Eighty DNA samples from peripheral blood obtained from 80 patients diagnosed with breast cancer treated at the high complexity unit in Oncology of the State of Amapá (UNACON) and 83 control samples from healthy women were analyzed. Informed consent was obtained from all individual participants included in the study.

Genotyping

rs1042522 polymorphism genotyping

Genomic DNA was isolated following the protocol of the bioscience® extraction kit. The genotype was identified through the Polymerase Chain Reaction - Restriction Fragment Length Polymorphism (PCR-RFLP) analysis, according to Rivu et al. (2017) with modifications. The identification of the Arg72Pro (C72G) polymorphism was conducted with the forward 5’-TTC ACC CAT CTA CAG TCC -3 ‘ and reverse 5’-CTC AGG GCA ACT GAC CGT -3’ primers.
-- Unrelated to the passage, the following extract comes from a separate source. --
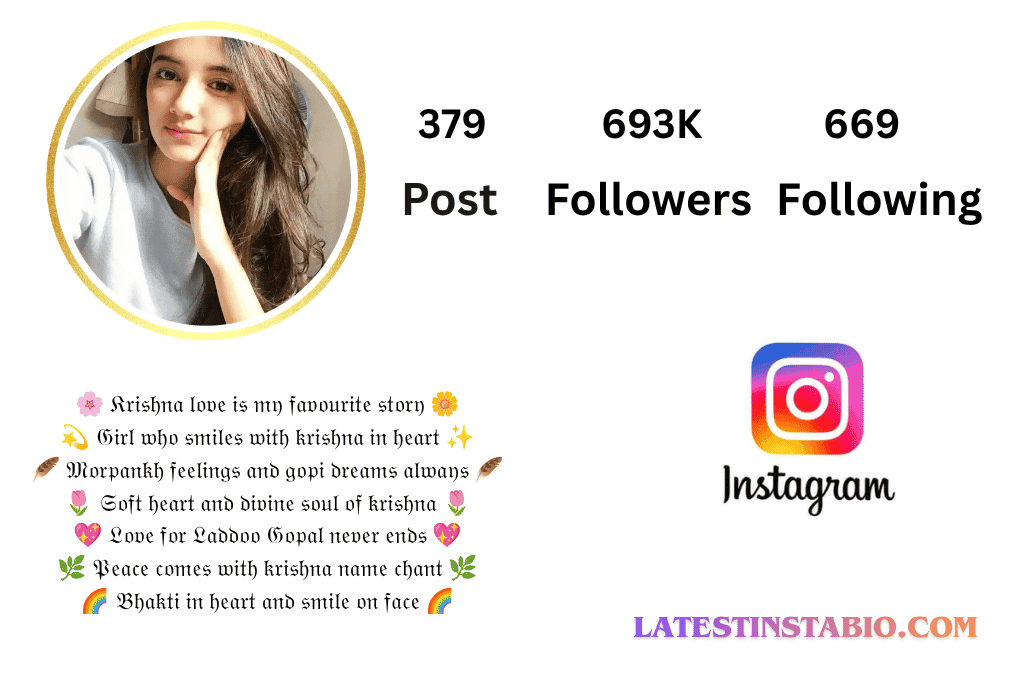 Krishna Bio for Instagram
The amplification cycle was 95 ºC for 5 minutes, 35 cycles of 95 ºC for 30 seconds, 55 ºC for 30 seconds and 72 ºC for 30 seconds, final extension of 5 minutes at 72 ºC and 4 ºC. The identification of the 309 bp fragment was visualized on a 2.0 % agarose gel with ethidium bromide. The PCR product was digested with restriction enzyme BstUI (0.5 μl) (New England Biolabs) by incubation at 60 ºC for 16 hours, generating two fragments of 175 and 134 bp (proline allele) and 309 bp (arginine allele).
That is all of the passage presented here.